Every company is looking to leverage AI and ML to harness their data, accelerate their digital transformation, and drive differentiation in their business that leads to a better experience for every customer, partner, and employee. Over the past decade, the computing power needed to make this possible has become available; Connectivity, the other piece of the puzzle, however, has been the limiting factor keeping companies from gaining the competitive advantage they’ve been eyeing.
AI and ML workloads can’t be managed on a single node or server. It’s why connectivity in the form of networking infrastructure is critical. It enables the flow of information between different nodes in a computing network so that the organization’s algorithms and models can access and process data and create insights that decision makers can use.
Since nodes managing AI and ML workloads need to crunch large datasets incredibly quickly, the infrastructure connecting all the nodes in the network needs to have low latency, minimize ‘packet loss’, and be reliable.
If there’s a slowdown or any loss of data, the results can be catastrophic, ranging from unpredictable system behavior, longer response time, reduced model accuracy, and resource wastage, all of which can cost the company dearly, hurt its reputation, and run the competitive advantage it is aspiring towards.
Due to this stringent requirement of low-to-no packet loss and the need for low latency, InfiniBand has been for many years been widely used for AI and ML workloads. However, ethernet is now emerging as the networking technology of choice for many customers.
The leaders’ guide to RDMA, RoCEv2, and AI ML workloads on ethernet
Ethernet has been in existence since the 1970’s, and due to its open-standards nature and innovation throughout the years, it has become the network transport of choice.
What’s made ethernet suitable for AI and ML workloads is its ability to leverage RDMA (remote direct memory access) to build what’s called RoCEv2 (RDMA over converged ethernet 2). Without RDMA, the ethernet needed access to a device’s central processing unit (CPU) to perform a series of steps that facilitated the movement of data which caused delay and in certain cases, packet loss. With RDMA and some smart engineering that led to the creation of RoCEv2, all of this has been eliminated.
Further, RoCEv2 enables higher bandwidth utilization, and allows for it to use data centre bridging (DCB) technologies such as priority flow control (PFC) and explicit congestion notification (ECN). Just from the names, you can guess their function: to provide lossless and deterministic networking leading to a more resilient ethernet that can power AI and ML workloads seamlessly.

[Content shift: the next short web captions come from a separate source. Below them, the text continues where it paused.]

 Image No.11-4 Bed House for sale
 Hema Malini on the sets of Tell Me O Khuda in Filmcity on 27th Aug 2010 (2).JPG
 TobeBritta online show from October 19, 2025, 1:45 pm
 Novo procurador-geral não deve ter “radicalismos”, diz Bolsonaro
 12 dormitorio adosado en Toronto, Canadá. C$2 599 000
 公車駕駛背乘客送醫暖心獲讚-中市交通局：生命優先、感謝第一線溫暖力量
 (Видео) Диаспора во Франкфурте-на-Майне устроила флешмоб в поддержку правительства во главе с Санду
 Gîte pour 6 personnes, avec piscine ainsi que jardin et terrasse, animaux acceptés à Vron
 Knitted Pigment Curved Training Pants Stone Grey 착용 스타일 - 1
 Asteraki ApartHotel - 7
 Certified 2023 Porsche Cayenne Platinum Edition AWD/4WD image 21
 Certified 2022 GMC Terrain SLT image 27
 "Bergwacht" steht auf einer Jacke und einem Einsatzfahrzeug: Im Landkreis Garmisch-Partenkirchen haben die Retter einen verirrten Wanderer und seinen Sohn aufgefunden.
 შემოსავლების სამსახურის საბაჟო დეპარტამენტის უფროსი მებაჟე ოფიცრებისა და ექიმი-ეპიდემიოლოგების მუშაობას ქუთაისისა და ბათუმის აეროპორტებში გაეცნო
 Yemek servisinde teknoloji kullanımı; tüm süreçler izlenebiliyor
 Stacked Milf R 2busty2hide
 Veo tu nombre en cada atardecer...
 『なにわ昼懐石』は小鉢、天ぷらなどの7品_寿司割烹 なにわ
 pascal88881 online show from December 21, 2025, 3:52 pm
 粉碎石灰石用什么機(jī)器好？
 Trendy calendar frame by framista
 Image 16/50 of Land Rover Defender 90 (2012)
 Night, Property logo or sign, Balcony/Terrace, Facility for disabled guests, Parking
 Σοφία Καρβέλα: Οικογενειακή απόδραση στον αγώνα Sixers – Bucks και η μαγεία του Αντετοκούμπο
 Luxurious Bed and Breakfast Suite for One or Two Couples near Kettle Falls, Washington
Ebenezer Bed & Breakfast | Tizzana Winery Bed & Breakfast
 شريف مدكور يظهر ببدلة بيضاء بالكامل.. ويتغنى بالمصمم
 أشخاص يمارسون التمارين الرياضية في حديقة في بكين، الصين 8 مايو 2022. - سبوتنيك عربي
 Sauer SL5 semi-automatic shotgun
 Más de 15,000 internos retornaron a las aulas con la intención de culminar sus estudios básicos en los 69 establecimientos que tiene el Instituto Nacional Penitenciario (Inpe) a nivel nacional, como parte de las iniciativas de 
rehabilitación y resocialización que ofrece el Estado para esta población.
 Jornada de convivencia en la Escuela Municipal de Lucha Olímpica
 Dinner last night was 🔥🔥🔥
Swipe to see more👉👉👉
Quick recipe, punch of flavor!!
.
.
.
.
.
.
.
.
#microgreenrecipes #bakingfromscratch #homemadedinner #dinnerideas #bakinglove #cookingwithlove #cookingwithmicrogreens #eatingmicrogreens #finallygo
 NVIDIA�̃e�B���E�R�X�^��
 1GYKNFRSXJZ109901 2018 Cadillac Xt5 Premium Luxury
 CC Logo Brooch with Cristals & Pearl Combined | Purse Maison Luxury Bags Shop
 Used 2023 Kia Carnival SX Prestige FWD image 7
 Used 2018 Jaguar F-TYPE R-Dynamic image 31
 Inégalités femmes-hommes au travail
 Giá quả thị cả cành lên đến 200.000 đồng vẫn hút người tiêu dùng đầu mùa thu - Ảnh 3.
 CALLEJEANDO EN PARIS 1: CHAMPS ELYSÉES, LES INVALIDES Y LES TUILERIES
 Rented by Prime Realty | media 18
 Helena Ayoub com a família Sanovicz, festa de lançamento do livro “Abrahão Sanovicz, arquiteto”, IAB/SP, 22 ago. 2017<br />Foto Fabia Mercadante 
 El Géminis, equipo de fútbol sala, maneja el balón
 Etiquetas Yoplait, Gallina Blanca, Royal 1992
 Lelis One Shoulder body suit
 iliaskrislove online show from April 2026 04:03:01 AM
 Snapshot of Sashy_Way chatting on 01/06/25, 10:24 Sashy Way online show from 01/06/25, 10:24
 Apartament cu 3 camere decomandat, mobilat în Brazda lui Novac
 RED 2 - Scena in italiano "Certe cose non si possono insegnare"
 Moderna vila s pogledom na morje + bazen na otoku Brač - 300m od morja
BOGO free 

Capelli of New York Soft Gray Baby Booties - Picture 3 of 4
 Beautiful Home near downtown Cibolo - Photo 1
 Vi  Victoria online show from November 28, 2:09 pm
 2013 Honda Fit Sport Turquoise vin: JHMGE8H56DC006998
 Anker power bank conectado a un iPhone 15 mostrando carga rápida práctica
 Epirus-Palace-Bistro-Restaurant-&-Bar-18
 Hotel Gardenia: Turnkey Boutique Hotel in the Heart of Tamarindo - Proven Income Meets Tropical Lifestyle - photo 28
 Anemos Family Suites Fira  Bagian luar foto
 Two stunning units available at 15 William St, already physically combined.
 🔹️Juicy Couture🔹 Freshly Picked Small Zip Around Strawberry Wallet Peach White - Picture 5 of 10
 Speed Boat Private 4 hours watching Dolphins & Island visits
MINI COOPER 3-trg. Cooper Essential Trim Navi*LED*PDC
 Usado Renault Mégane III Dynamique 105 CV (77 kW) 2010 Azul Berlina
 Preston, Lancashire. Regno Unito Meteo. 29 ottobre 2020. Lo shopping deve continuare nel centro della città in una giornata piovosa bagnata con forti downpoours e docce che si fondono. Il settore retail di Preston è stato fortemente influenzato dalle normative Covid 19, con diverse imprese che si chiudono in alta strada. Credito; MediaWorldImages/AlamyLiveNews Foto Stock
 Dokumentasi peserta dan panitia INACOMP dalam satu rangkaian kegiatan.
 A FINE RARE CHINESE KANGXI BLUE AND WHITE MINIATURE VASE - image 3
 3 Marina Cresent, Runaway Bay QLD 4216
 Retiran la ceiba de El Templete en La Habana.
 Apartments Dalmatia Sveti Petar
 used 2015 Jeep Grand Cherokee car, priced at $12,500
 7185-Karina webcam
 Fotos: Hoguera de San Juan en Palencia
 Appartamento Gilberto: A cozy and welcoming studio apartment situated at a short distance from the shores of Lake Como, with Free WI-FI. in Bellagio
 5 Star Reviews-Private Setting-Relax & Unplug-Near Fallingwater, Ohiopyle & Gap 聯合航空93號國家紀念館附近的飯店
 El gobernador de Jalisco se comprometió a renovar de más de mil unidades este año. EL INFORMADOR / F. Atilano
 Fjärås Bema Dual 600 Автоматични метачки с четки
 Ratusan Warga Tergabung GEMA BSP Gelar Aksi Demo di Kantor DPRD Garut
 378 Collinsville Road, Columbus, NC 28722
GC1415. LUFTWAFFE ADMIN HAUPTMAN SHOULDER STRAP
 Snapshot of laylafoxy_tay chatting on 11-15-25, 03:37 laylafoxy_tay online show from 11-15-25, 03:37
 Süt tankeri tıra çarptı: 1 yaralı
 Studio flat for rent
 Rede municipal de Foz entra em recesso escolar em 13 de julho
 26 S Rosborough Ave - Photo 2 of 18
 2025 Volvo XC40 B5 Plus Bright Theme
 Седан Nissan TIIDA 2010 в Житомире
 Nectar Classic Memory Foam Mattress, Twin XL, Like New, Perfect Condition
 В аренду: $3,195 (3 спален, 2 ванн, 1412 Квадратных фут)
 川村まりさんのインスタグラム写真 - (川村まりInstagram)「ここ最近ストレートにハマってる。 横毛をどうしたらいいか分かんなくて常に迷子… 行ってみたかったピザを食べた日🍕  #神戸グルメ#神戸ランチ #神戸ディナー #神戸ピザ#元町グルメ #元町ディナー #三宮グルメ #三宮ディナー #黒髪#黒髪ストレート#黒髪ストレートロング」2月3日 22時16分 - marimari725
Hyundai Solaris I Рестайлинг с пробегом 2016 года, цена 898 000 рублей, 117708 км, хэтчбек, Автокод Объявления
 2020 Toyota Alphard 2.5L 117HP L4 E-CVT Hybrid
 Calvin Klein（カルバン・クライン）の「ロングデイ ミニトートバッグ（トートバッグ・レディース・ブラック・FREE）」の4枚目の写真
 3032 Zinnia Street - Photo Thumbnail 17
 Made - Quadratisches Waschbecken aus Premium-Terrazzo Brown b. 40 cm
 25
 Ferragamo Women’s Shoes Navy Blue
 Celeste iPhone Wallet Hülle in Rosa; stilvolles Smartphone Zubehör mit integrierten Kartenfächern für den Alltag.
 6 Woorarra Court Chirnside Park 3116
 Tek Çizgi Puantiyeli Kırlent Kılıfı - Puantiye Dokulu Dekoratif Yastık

The business economics of ethernet for AI and ML workloads
Professionals in the IT community have historically had a preference for the ethernet because they’re familiar with it, understand it, and know how to get the most out of it. The technology has many fans in the industry.
However, familiarity isn’t the only winning edge. Ethernet’s biggest advantage is compatibility.
Since the technology has been around for more than half a century, the ecosystem of hardware and software solutions is extremely mature. What this means is that devices, servers, switches, and components are forwards-and-backwards compatible; there’s interoperability between devices, as well as protocols and application compatibility; finally, management and monitoring of the ethernet and everything it connects is easy, and most importantly, reliable.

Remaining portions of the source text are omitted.